Sabian O-Zone Crashes & X-Celerator Hats Reviewed!!


Sabian just released two new batches of its fab bronze pies. The first batch introduces a few more ventilated O-Zone crashes, those dark, wobbly disks stolen from the wheels of Cadillac Escalades. The second is a bunch of great AAX and HHX hi-hats with rippled edges on the bottom cymbal.

Hole-Some Crashes

Sabian has added three new crashes to the AAX O-Zone line, in 16", 18", and 20" sizes. The 20" O-Zone crash is the largest available; our review model came in a brilliant finish (available at no extra charge) punched with eight big holes. It’s thin, brother, thin. Not only does it wobble, you can grab it with your fingers and make it flex. And, punching holes in our expectations (I’ll drop the puns now) the 20" O-Zone crash sounded really cool when played at really soft volumes, emitting a trashy low growl. Go figure.

But smacking it around produced a short, deep, trash can bark with a soft, long decay echoing up as from a deep well. It doesn’t have the pointed attack of a China cymbal. It’s more like a good galvanized household trash can (albeit an expensive one) mixed with a distant gong. As a crash-ride it has lots of distortion and growl, is hard to play because of the wobble, but gives surprisingly good articulation once you get the hang of alternating between the edge and the Swiss cheese face.
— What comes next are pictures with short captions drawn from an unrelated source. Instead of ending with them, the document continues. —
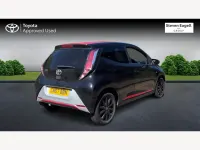 Gebraucht Toyota Aygo x-press 70 PS (51 kW) 2018 Schwarz Kleinwagen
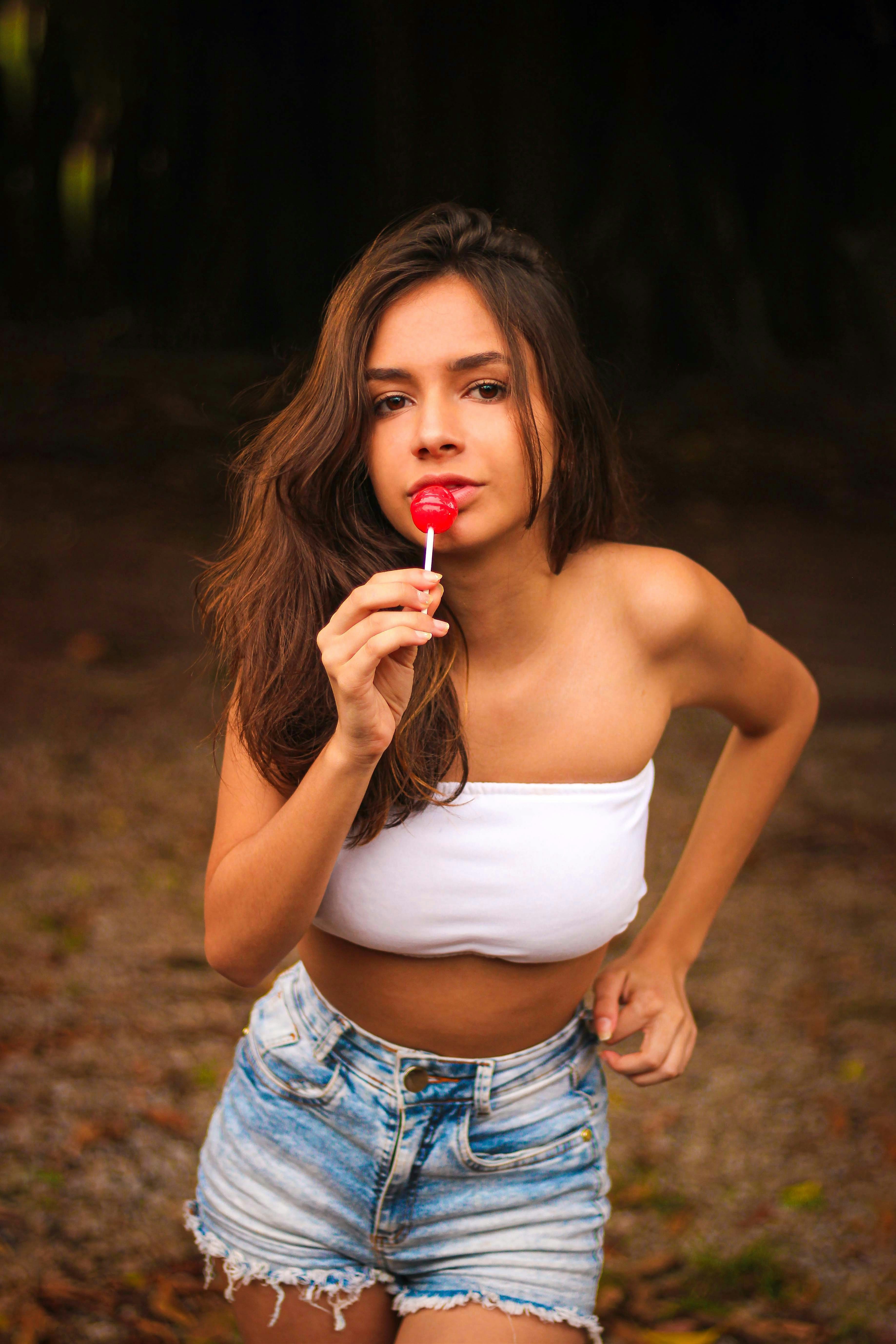 escort esenyurt Elif Gecelerin Vazgeçilmezi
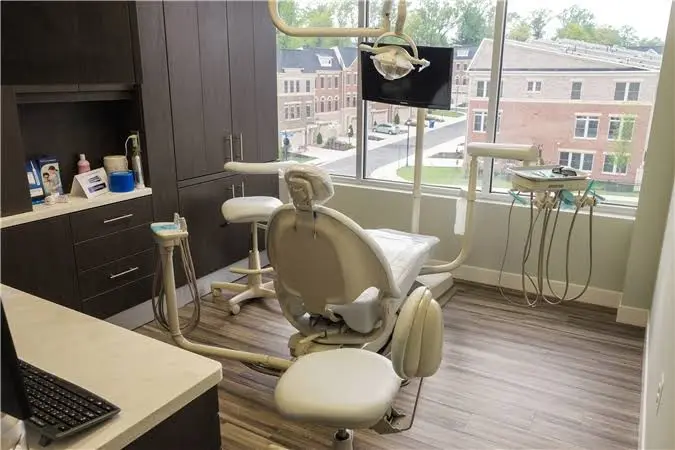 Tysons Dental Corner - Professional dental clinic exterior with modern facilities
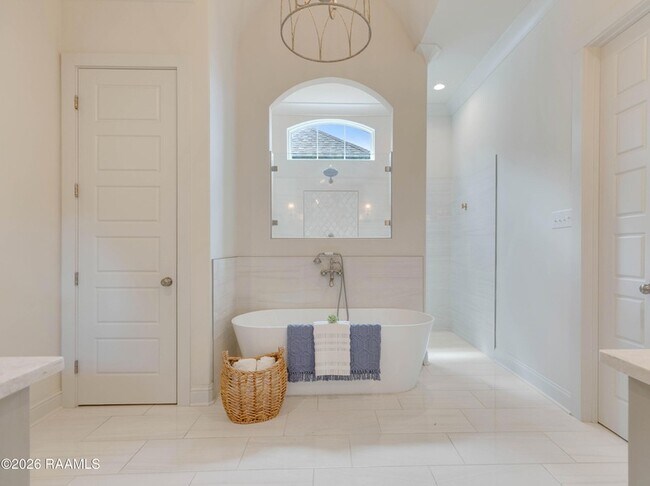 Building Photo - 113 Gentle Island Dr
The 18" AAX O-Zone crash, which came in a regular finish and sported the same eight big holes, is much more mellow and buttery, giving a warm, gong-like tone with strong mid-range attack and a body that subsides rapidly. It is reminiscent of an 18" crash with a perfect crack in it, wounded but still dangerous, noticeably different but still strong and interesting. The gong tone becomes more apparent the further you move away from the cymbal.

The 16" AAX O-Zone crash (regular finish) has only six holes in it. This cymbal made all our preconceptions slip away like water through a perforated drain guard. First we tapped it lightly, and as a small ride cymbal it sounded great standing at arm’s length. But at room’s length, the dominant note was that of rough, flexing sheet metal. Pushed moderately, the 16" gave nice attack, and provided good accents when we laid into the slightly flattened edge. It sounded like a cross between a gong hit and a splash cymbal — short, dry, and coarse with instant decay. It offered both sonic individuality and a good blend of volume and decay for integration into the “regular” pantheon of cymbals.


Hole-y Splashes

The 10" and 12" O-Zone splashes remind us, in a good way, of toy cymbals all grown up. With six big holes they are frighteningly thin and wobbly, but they bark with the brassy roughness and gruff projection of a short drill sergeant. Both cymbals have low-pitched undertones beneath their salty attacks. All the regular sweetness of AAX splashes has been leached out of these. They are brassy but still very musical, and don’t sound as much like a “specialty” cymbal as the crashes do.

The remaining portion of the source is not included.